O modelo de governança inclui reuniões periódicas de acompanhamento, revisões semestrais e avaliações anuais, visando execução consistente, decisões baseadas em evidências e melhoria contínua. Iniciativas como o mapeamento e aperfeiçoamento de fluxos internos, com correção de defasagens e padronização de rotinas, têm gerado maior eficiência nos processos.

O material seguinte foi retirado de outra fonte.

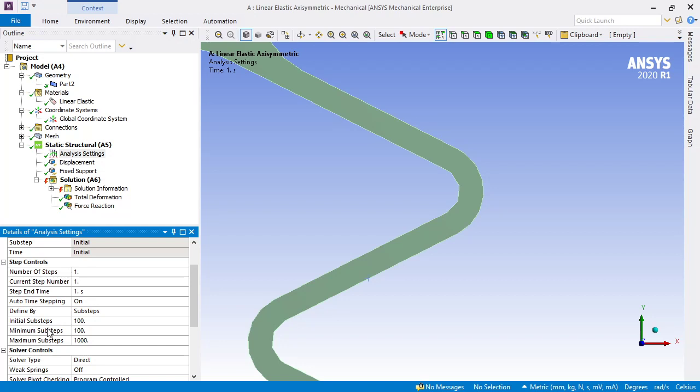The initial and minimum substeps are set to 100, and that's the first thing that happens when you try to deflect this model.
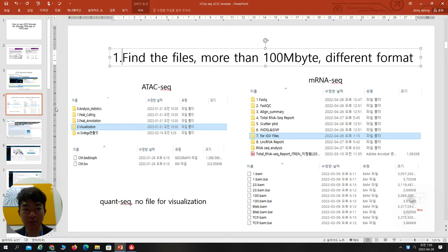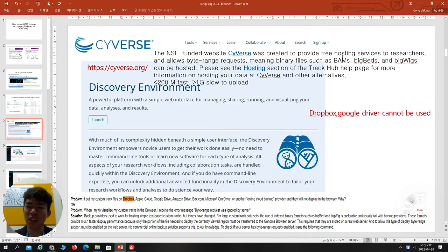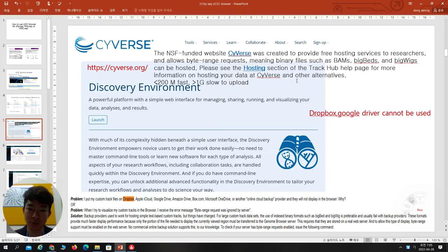Once you find the file, you have to go to Cybers. This is a public website for uploading your files for free. You cannot use Dropbox or Google Drive — they cannot be used. As far as I know, only Cybers can be used. Cybers is an NSF-funded website created to provide free hosting service to researchers, and it allows byte-range requests. The UCSC browser only uses byte-range requests, meaning binary files such as BAM, BigBed, and BigWig can be hosted there.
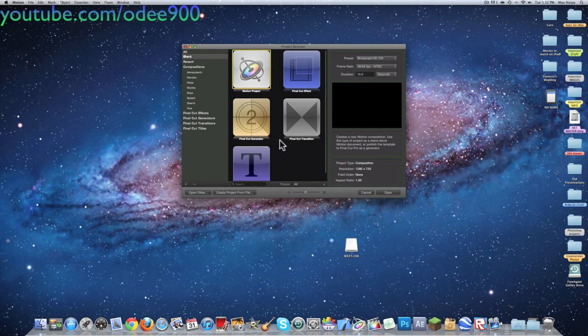Alright, hello YouTube. Today I'm going to do a Motion 5 tutorial on how to make an awesome intro. Ignore all the background noise — it is my dog.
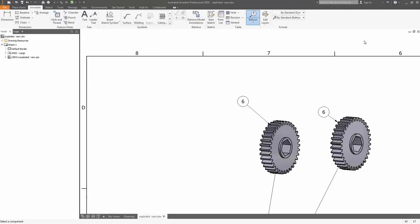Hi everyone, and today I'm going to teach you guys to balloon your drawings in order to meet ANSI standards. So traditionally in ANSI standards, you do not want to have both of these six balloons. You want one of the balloons to say six and the other one to say item six.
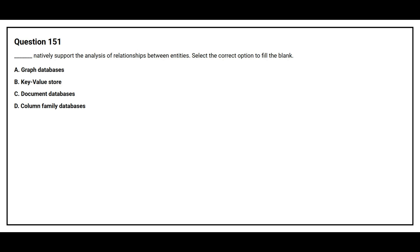Question number 151. Blank space natively support the analysis of relationship between entities. Select the correct option to fill the blank.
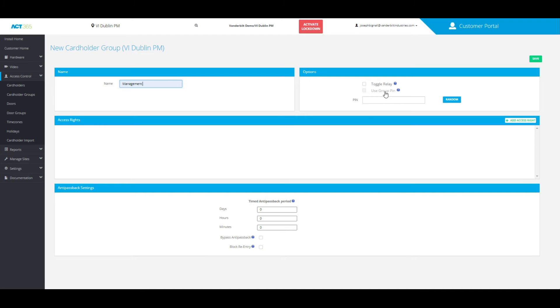You can also add a user group pin so that anyone under this cardholder group will have the same pin they can use to access that door.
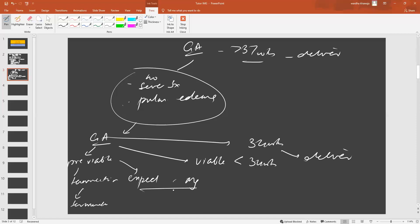And what is expectant management? Expectant management is actually based on you trying to bring the blood pressure down, stabilize the patient, and avoid any of these severe symptoms from developing for as long as you possibly can. And basically, when I say for as long as you can, you just want to bring her to 34 weeks so you can deliver.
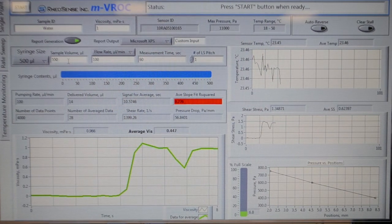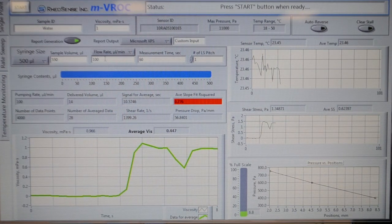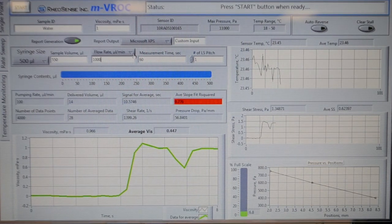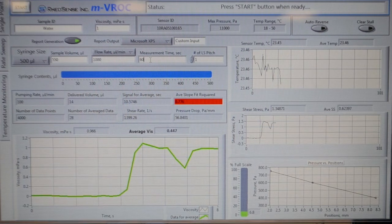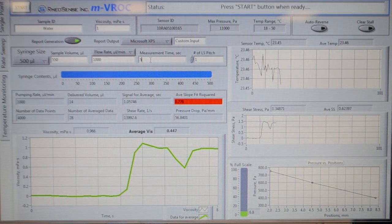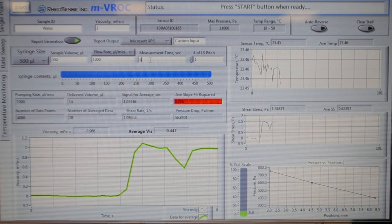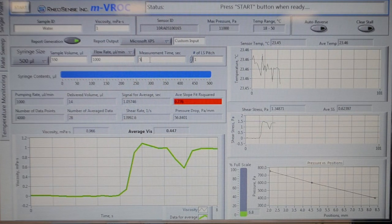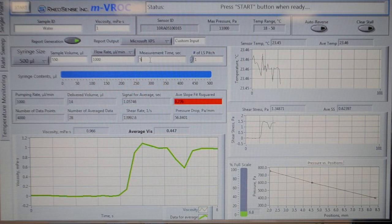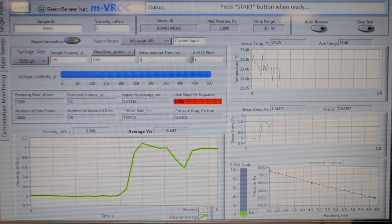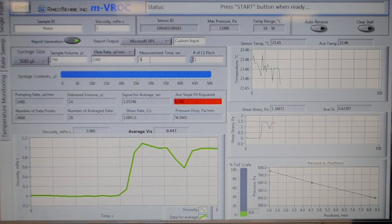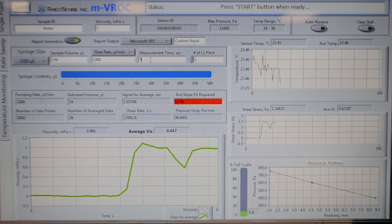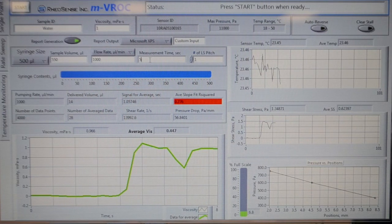Let's select the flow rate to 1000 microliter per minute and the measurement time to 5 seconds. Please keep in mind that this particular flow rate is designed for water, which has a viscosity value at around 1 centipoise. If you have a more viscous sample, say isopropanol, which has a viscosity value at around 2 centipoise, you should scale the flow rate to be slower and the run time to be longer.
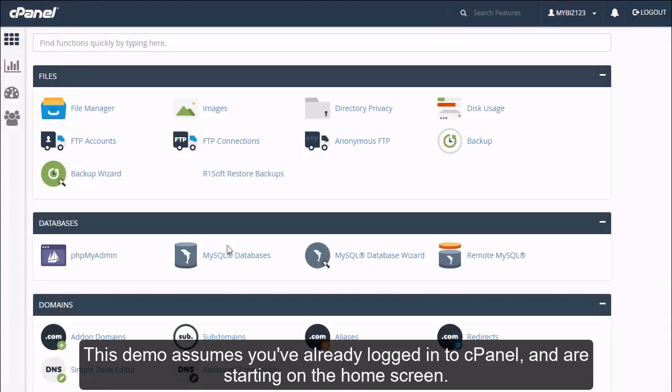How to set up a cron job in cPanel. This demo assumes you've already logged into cPanel and are starting on the home screen.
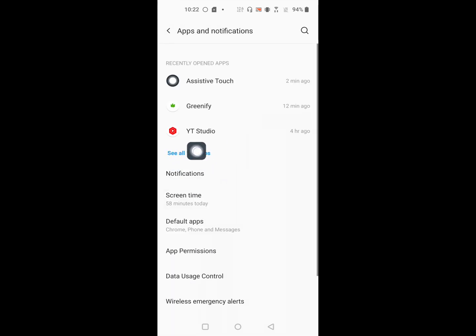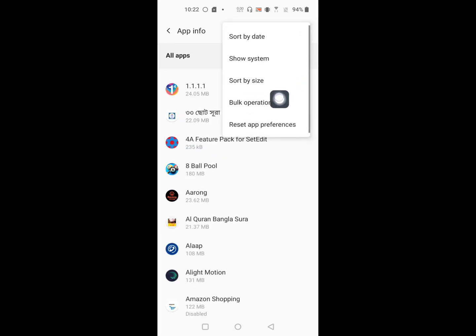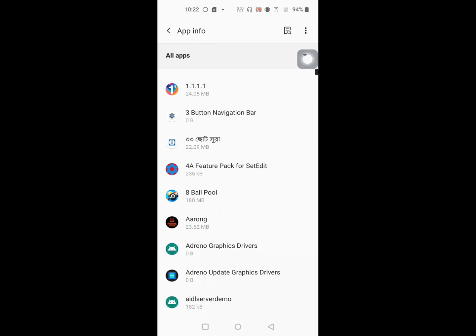Then go to See All Apps. Now click on the three-dot menu and enable Show System Apps. Now find System UI.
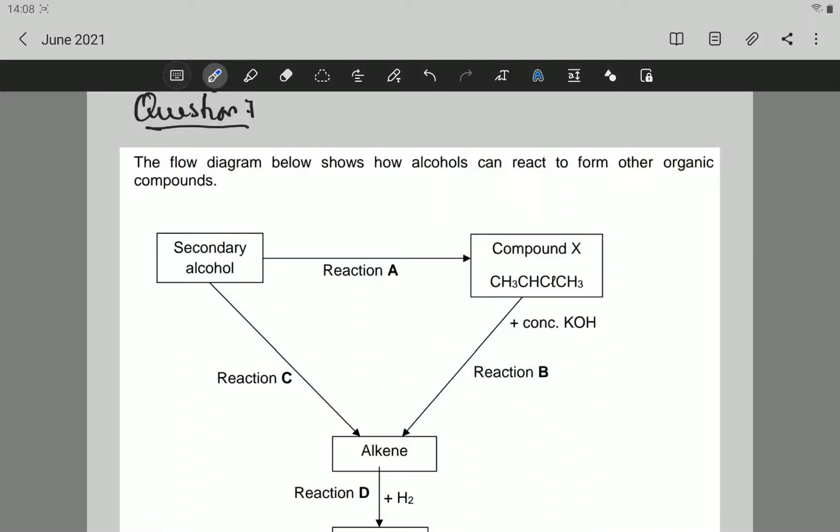Hello grade 12. Today we're going to continue with question 7 from June 2021, a question paper done in the province of the Northern Cape.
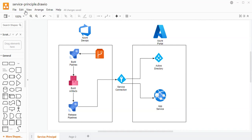Hello friends, my name is Vineet Arora and you are watching the Azure DevOps series. In this session we are going to cover how we can deploy the build artifact to our app service.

Avanços incluem a reestruturação do fluxo de pagamento, em parceria com a Secretaria de Tecnologia da Informação (SETI), para assegurar segurança, transparência e rastreabilidade, com prevenção de fraudes e controle da verba pública. Na análise de riscos, foram identificados pontos críticos como impugnações recorrentes, limitações do SAPRE, sobrecarga de servidores e alta demanda de atendimento. Para mitigar impugnações, estabeleceu-se que a suspensão de pagamentos ocorra apenas com efeito suspensivo, após diálogo com a advocacia e a Procuradoria do Distrito Federal. A unidade também criou cartilha e formulário para padronizar pedidos de habilitação de cessionários, recebendo avaliações positivas.

A coordenadora da Coorpre, juíza Simone Garcia Pena, enfatizou que a gestão de precatórios demanda alto grau de organização e controle, envolvendo milhares de credores e a necessidade de correção nos cálculos e aplicação adequada dos recursos públicos. Ela destacou o foco em tornar o fluxo de pagamentos mais eficiente, por meio de governança, mapeamento de riscos, revisão de fluxos e projetos de aceleração, alinhados às diretrizes do Conselho Nacional de Justiça (CNJ), com apoio da SEPG. Simone Garcia ressaltou o compromisso da Presidência do Tribunal com a agilização dos pagamentos, para proporcionar aos credores a sensação de ‘justiça realizada’. ‘O grande desafio hoje dos gestores de precatórios no país é deixar o fluxo de pagamento mais eficiente, garantindo que as partes alcancem a satisfação do seu direito’, afirmou a magistrada.